--- Available data ---

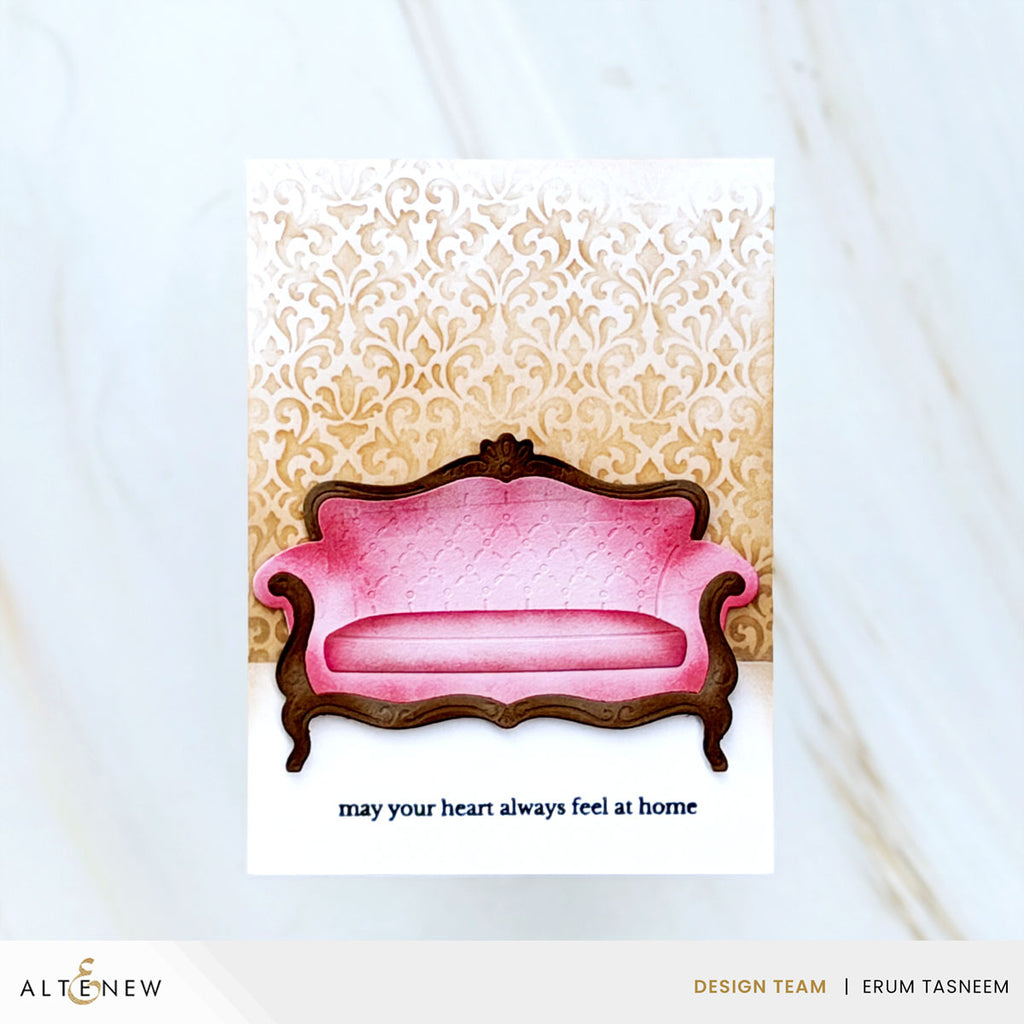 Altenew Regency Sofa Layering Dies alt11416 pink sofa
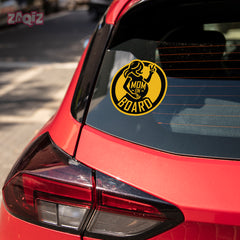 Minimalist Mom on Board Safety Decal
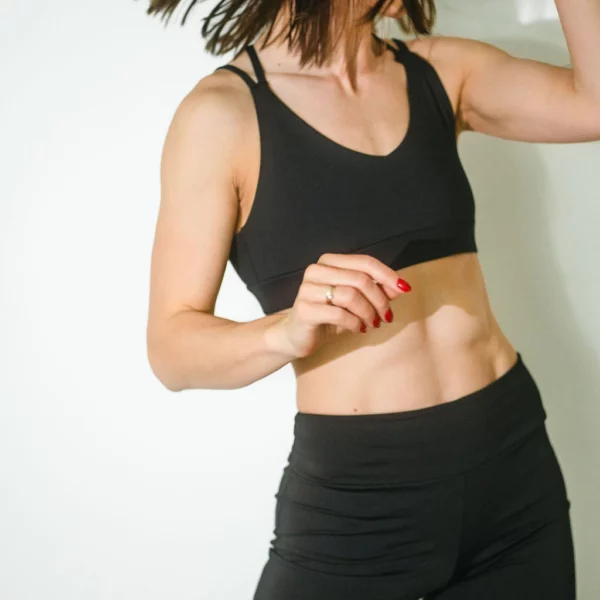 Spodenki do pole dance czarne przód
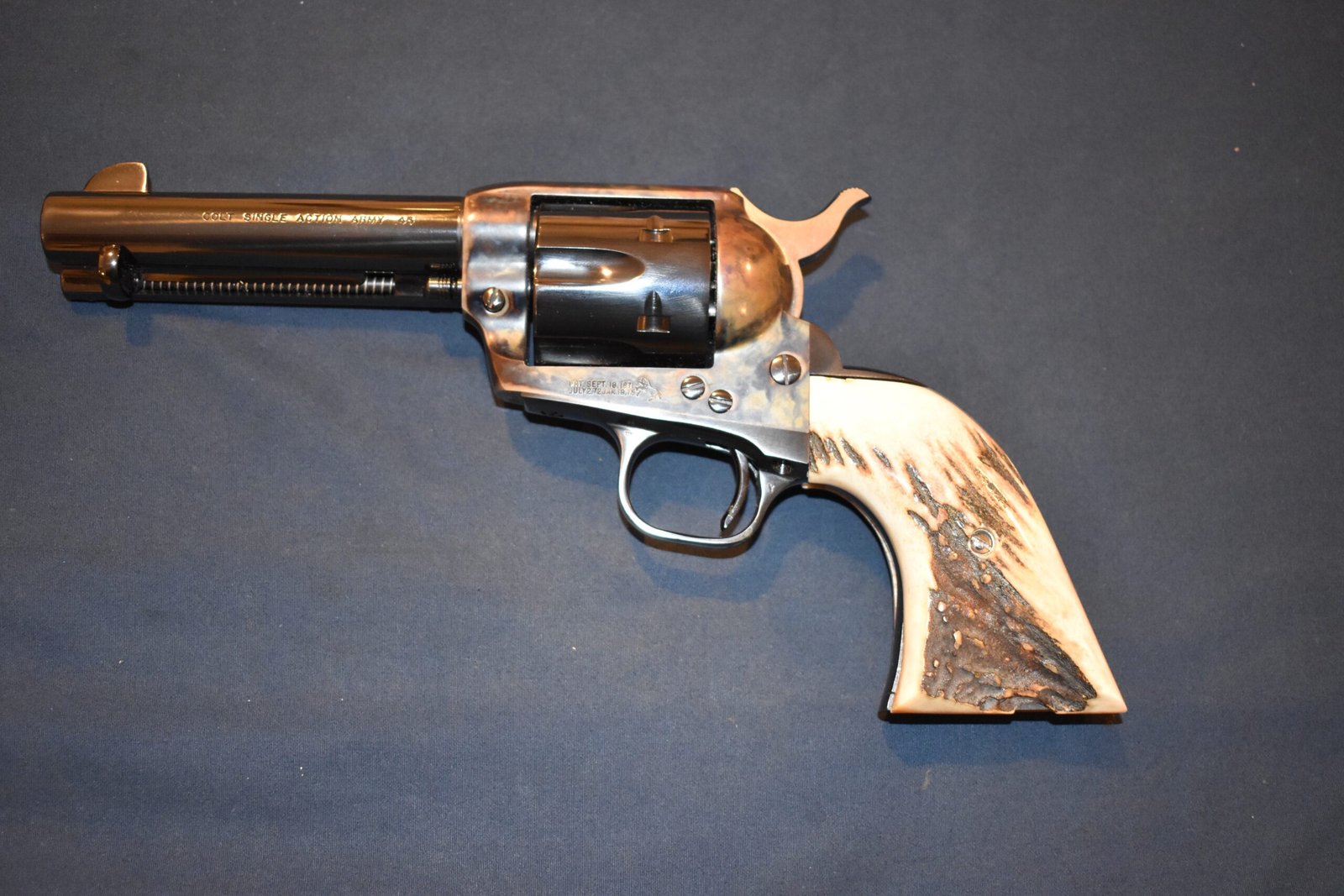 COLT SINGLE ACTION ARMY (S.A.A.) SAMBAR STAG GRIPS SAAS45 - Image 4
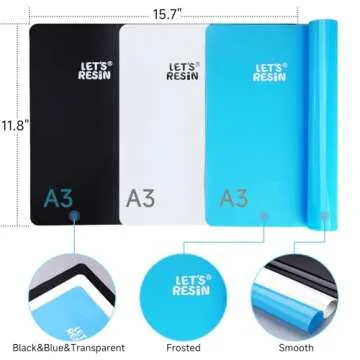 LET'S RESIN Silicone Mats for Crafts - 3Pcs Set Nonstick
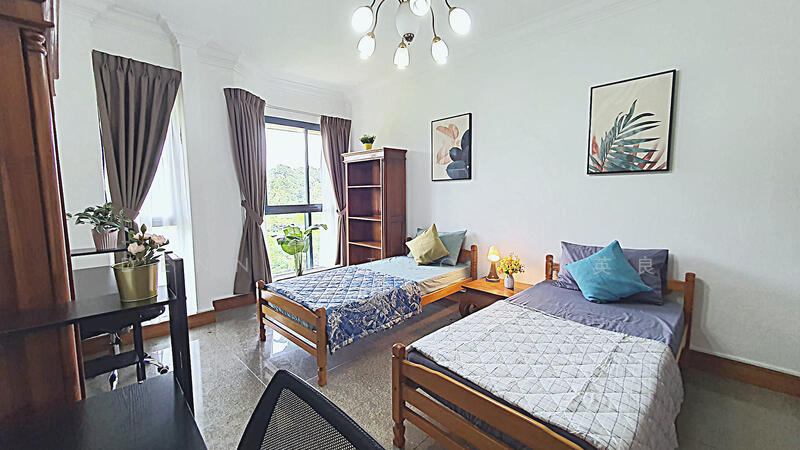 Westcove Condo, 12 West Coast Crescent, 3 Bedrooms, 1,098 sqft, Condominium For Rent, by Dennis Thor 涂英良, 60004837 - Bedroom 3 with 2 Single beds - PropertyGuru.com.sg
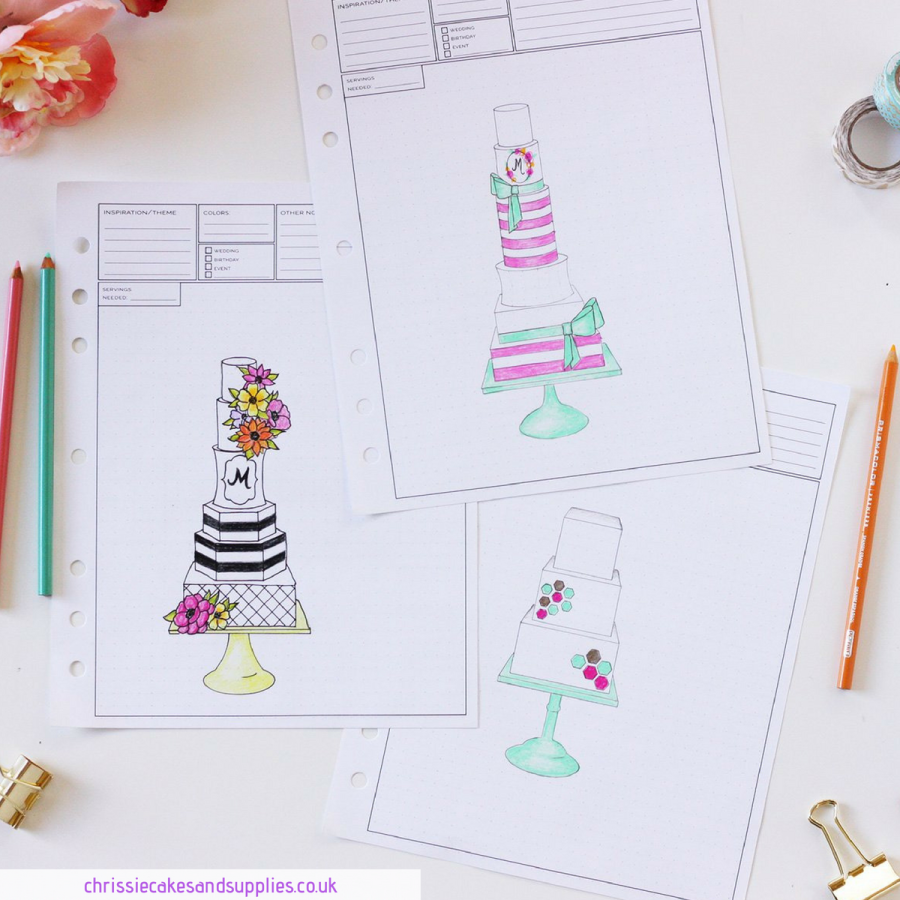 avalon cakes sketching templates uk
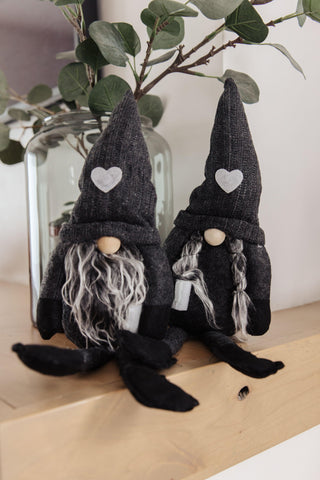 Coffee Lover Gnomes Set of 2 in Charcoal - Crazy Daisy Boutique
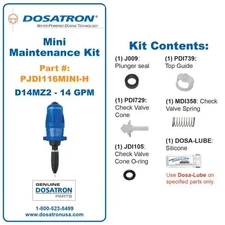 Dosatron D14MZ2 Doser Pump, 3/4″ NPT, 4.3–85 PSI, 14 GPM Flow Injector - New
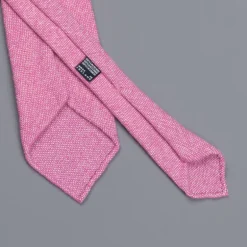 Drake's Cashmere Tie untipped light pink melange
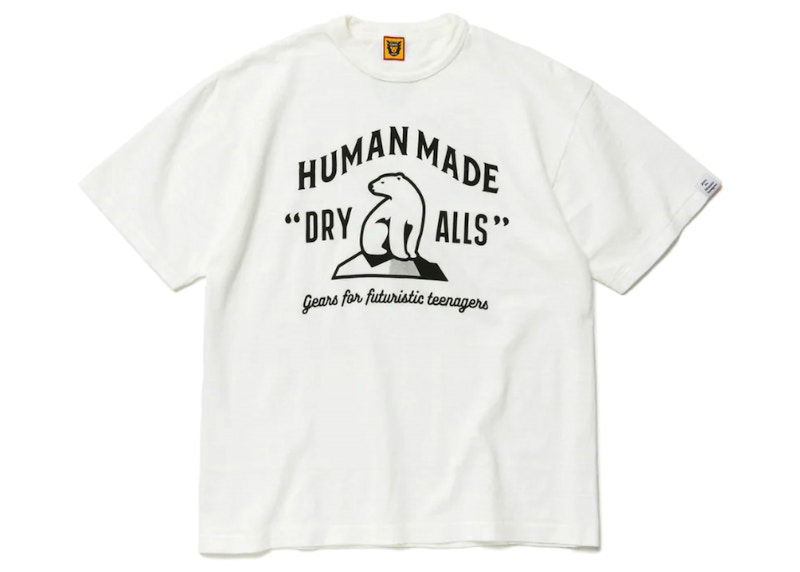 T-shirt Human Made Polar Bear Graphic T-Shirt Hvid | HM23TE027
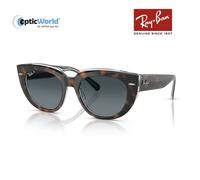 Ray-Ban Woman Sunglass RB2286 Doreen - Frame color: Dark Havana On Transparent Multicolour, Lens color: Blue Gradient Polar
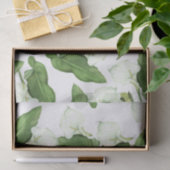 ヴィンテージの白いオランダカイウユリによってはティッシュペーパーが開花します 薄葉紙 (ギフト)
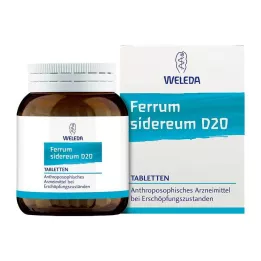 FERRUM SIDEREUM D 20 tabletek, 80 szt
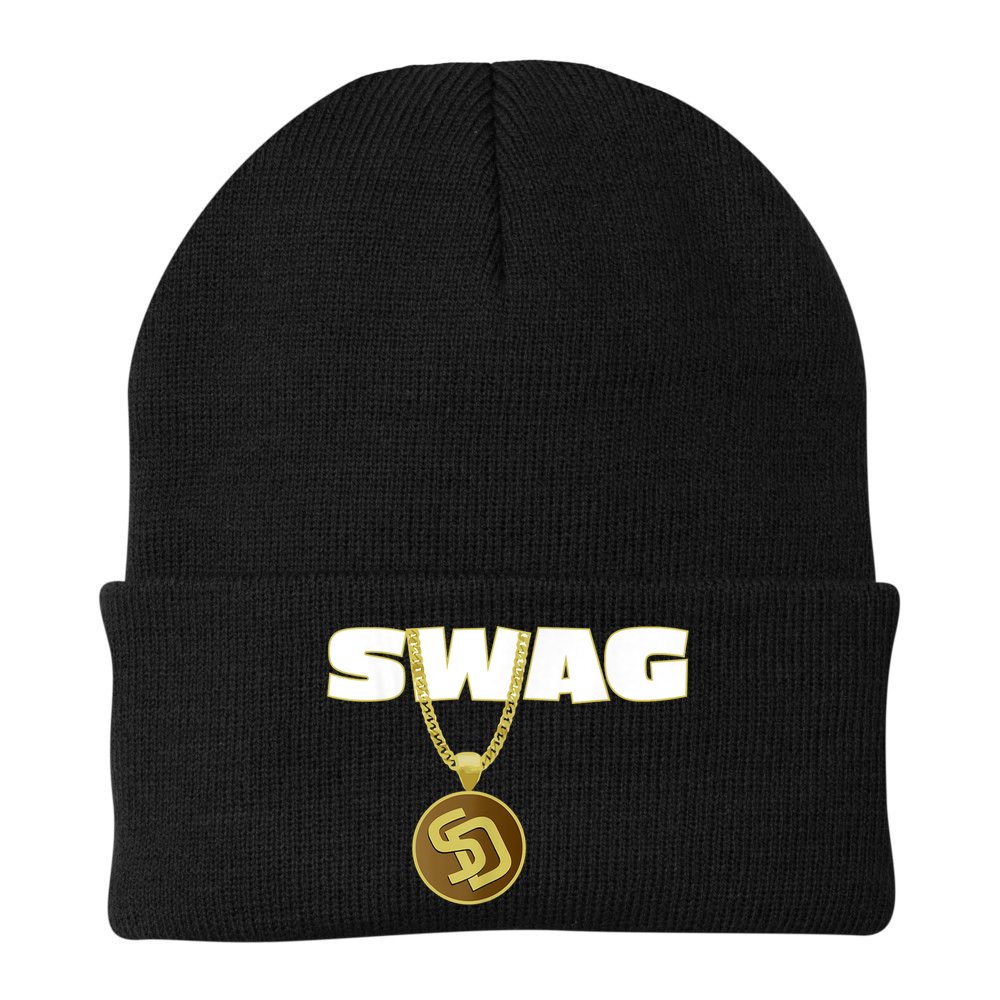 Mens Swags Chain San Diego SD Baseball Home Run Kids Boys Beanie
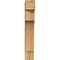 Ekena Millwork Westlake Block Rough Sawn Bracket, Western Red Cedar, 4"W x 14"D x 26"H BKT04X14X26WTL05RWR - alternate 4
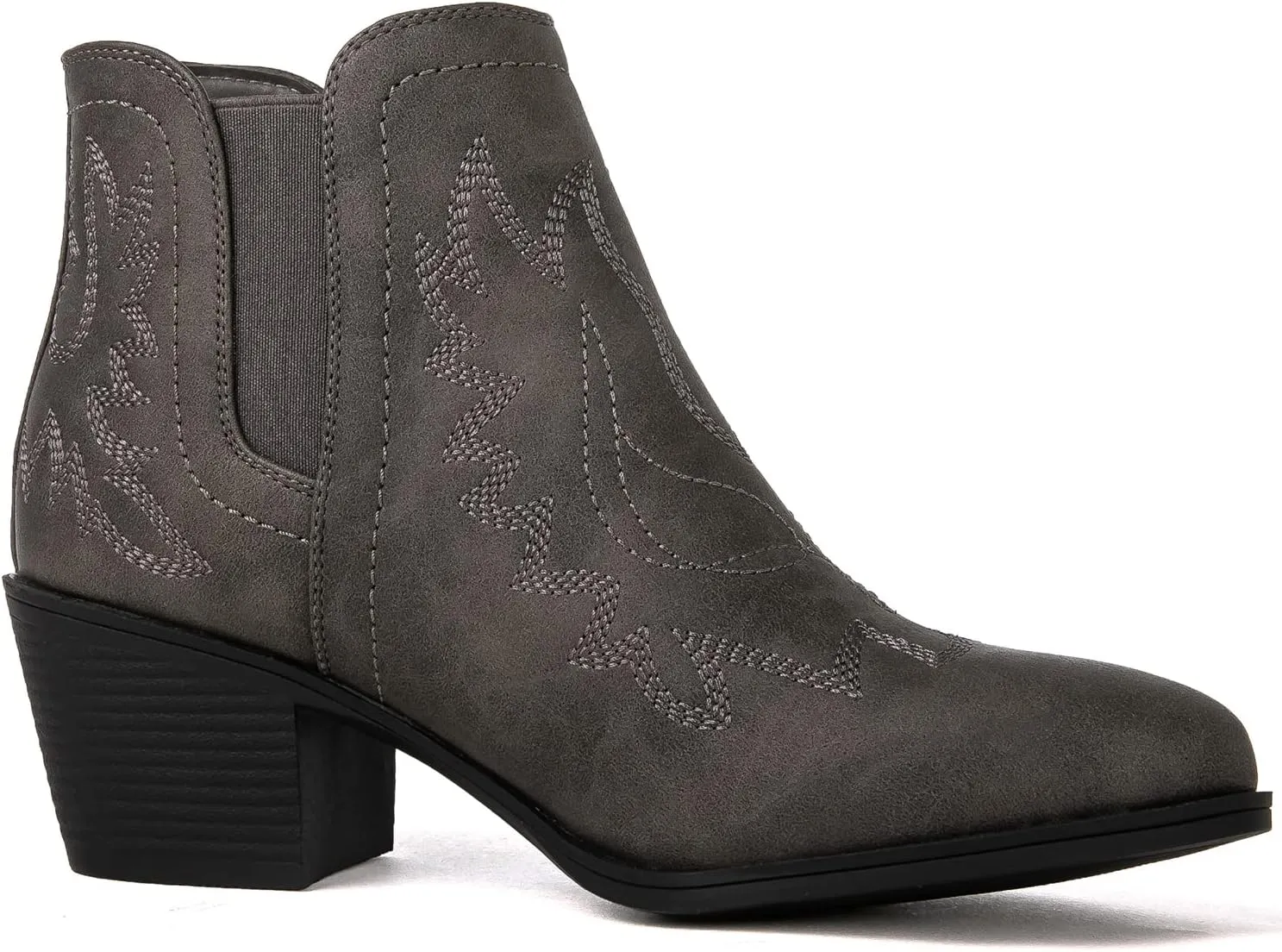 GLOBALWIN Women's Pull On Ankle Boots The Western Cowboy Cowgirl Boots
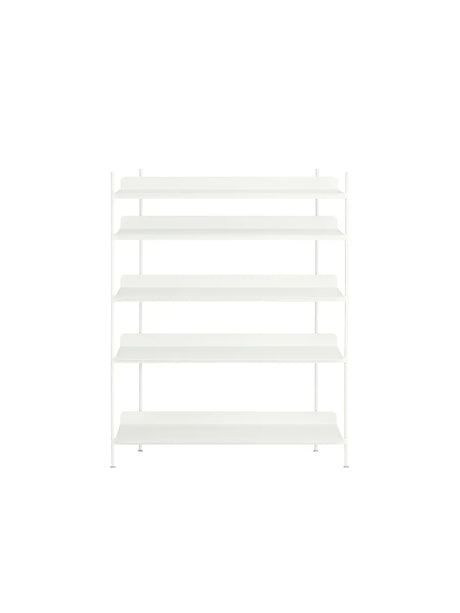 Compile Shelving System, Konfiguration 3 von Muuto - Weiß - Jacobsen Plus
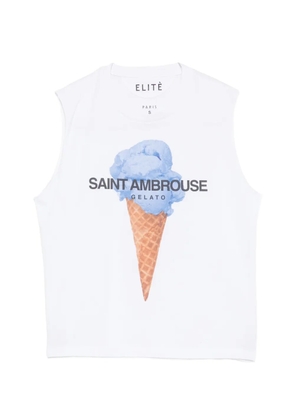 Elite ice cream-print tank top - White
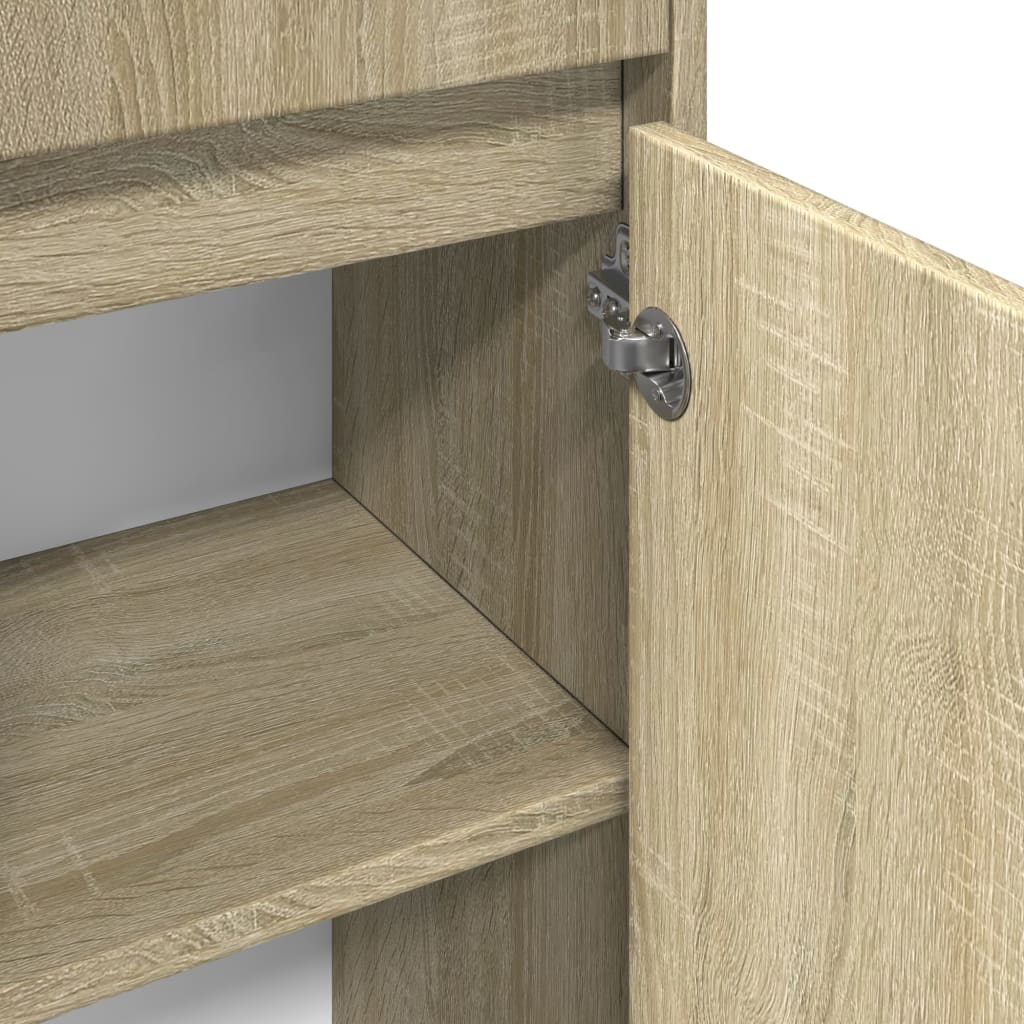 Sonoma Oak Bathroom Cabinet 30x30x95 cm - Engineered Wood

---

#### Problem statement
Leave out the pictures, and retype exactly the lines from the one containing "Ekena Millwork Westlake" through the last line of the data above, no more and no less.

#### Solution for this task
 Ekena Millwork Westlake Block Rough Sawn Bracket, Western Red Cedar, 4"W x 14"D x 26"H BKT04X14X26WTL05RWR - alternate 4
 GLOBALWIN Women's Pull On Ankle Boots The Western Cowboy Cowgirl Boots
 Compile Shelving System, Konfiguration 3 von Muuto - Weiß - Jacobsen Plus
 Elite ice cream-print tank top - White
 Sonoma Oak Bathroom Cabinet 30x30x95 cm - Engineered Wood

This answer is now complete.